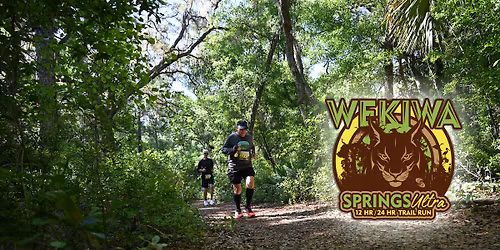 Wekiwa Springs Ultra 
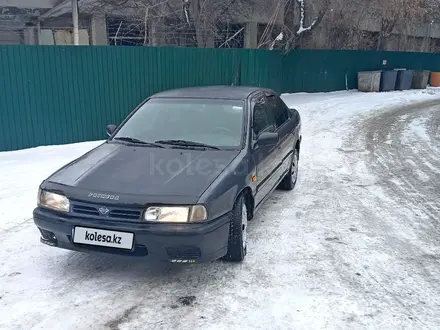 Nissan Primera 1993 года за 650 000 тг. в Алматы – фото 2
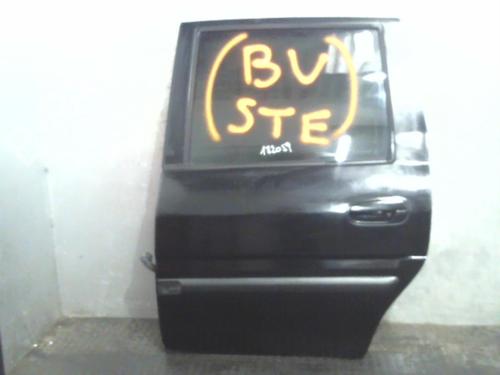 Used Left rear door HYUNDAI MATRIX (FC) 1.5 CRDi (82 hp) 20003712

● **Aim of the task**
Keep pictures out and return the lines from the one containing "Nissan Primera 1993" through the end of the listing, both included, character for character.

● **Solution for this problem**
 Nissan Primera 1993 года за 650 000 тг. в Алматы – фото 2
 Used Left rear door HYUNDAI MATRIX (FC) 1.5 CRDi (82 hp) 20003712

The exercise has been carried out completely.